Only the lines from the one holding "TASCHENFEDERKERNMATRATZE höhe 28cm" to the end of the data should be echoed, exactly as they appear, minus the pictures.

DATA SECTION:
* * *

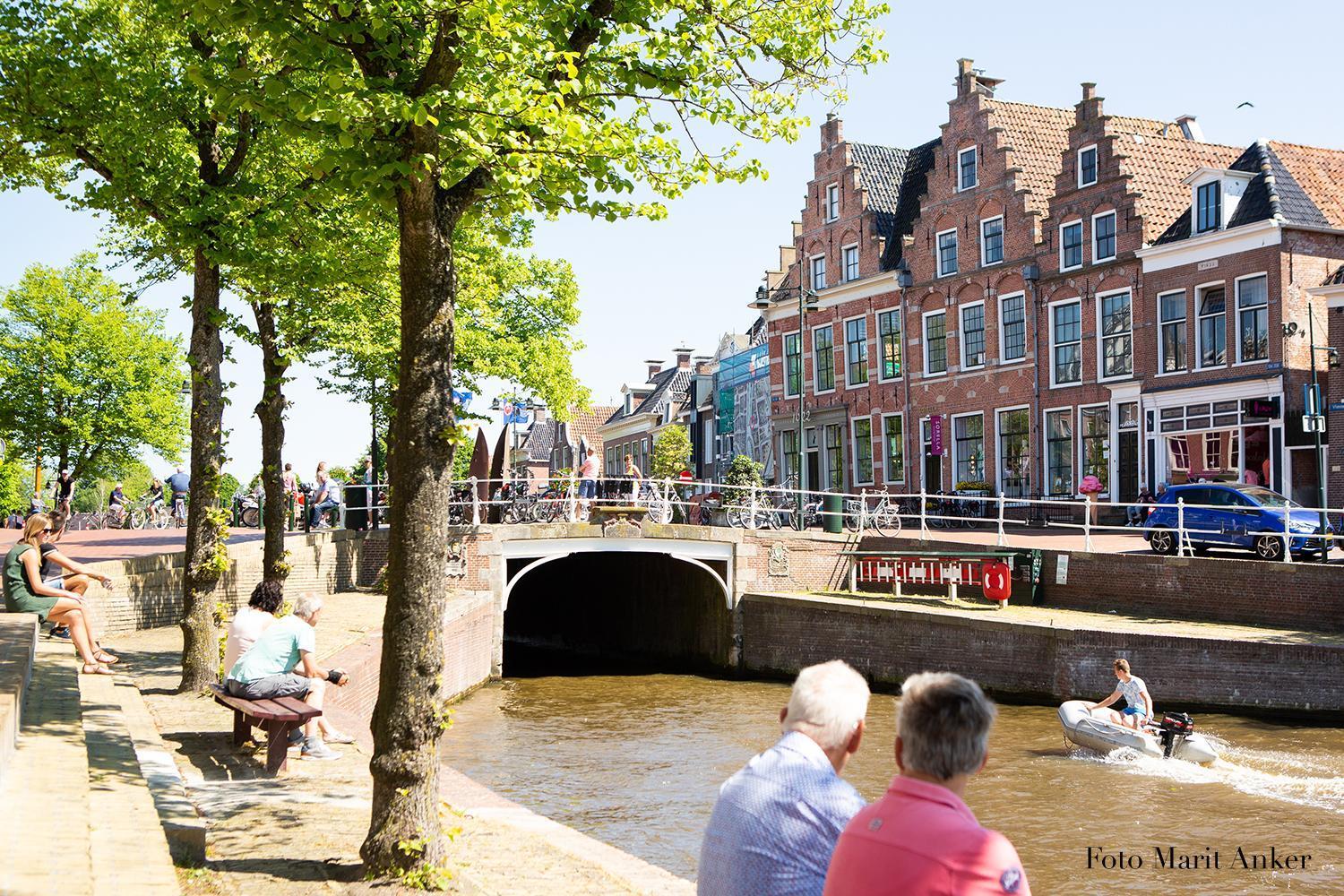 Pod Huisje Met Hottub Dokkum Exterior foto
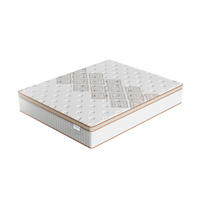 TASCHENFEDERKERNMATRATZE höhe 28cm 160x200cm - Weiß, Naturmaterialien (160/200cm) - November Sleep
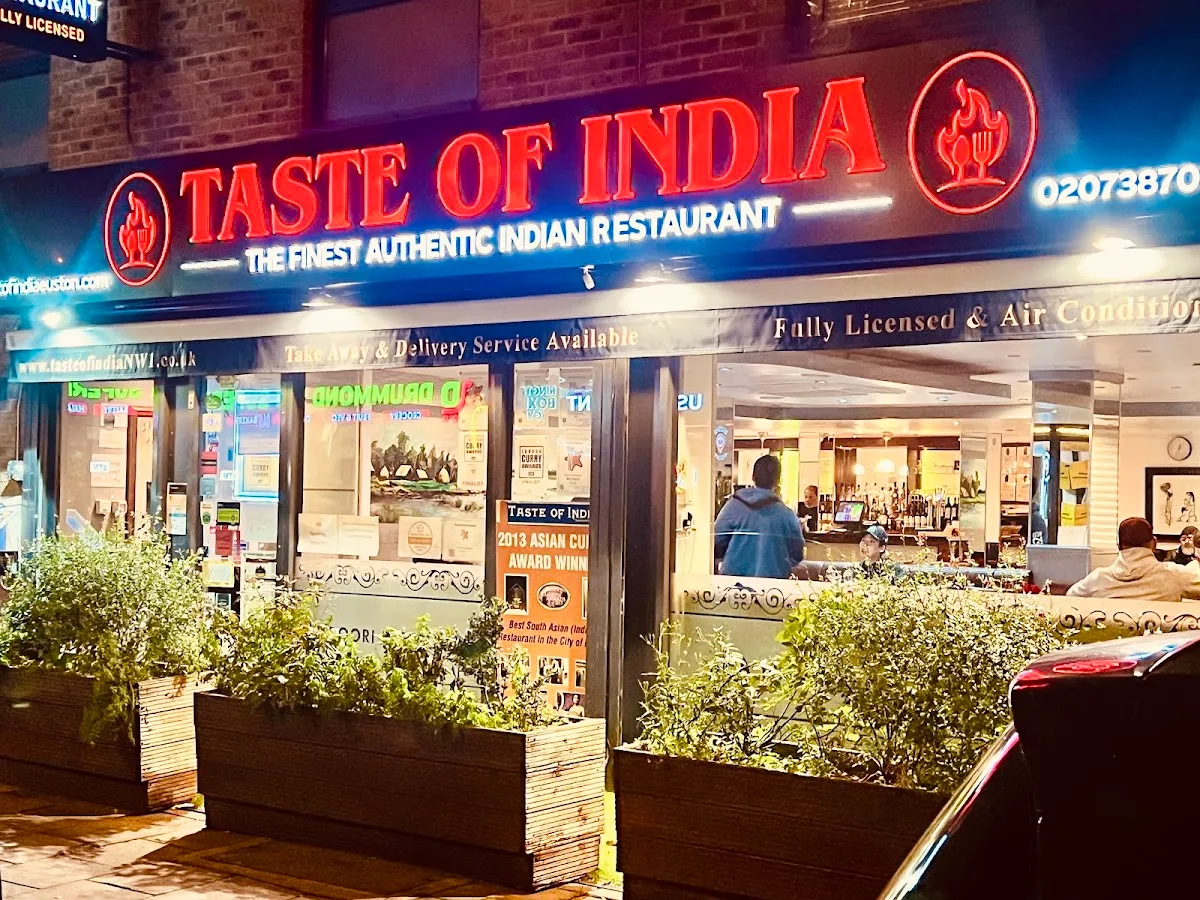 Taste of India Euston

* * *

TASK RESPONSE:
 TASCHENFEDERKERNMATRATZE höhe 28cm 160x200cm - Weiß, Naturmaterialien (160/200cm) - November Sleep
 Taste of India Euston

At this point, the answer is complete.